__Dataset excerpt__.
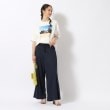 シューラルー(SHOO・LA・RUE)の【洗える/プチプラ/綿100％】グラフィック半袖ゆるTシャツ23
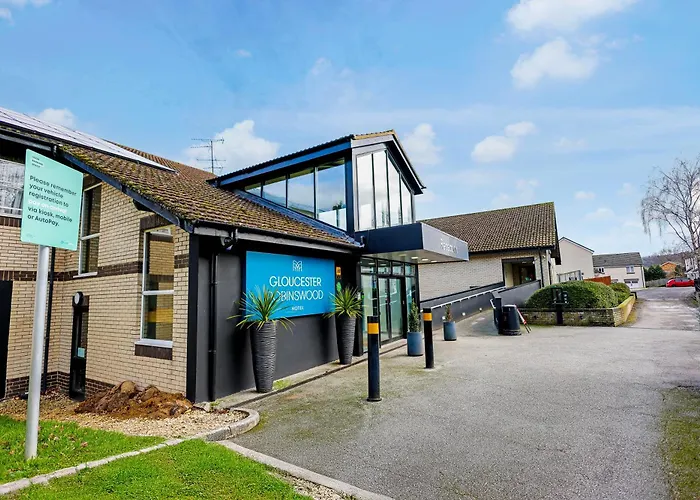 Gloucester Robinswood Hotel By Sunday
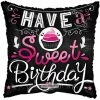 Funny Balloonsusa Have A Sweet Birthday Pillow Balloon 19712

__Problem details__.
The answer should contain only the lines from the one with "Gloucester Robinswood Hotel By Sunday" through the last line of the material, given word for word and without pictures.

__Output__.
 Gloucester Robinswood Hotel By Sunday
 Funny Balloonsusa Have A Sweet Birthday Pillow Balloon 19712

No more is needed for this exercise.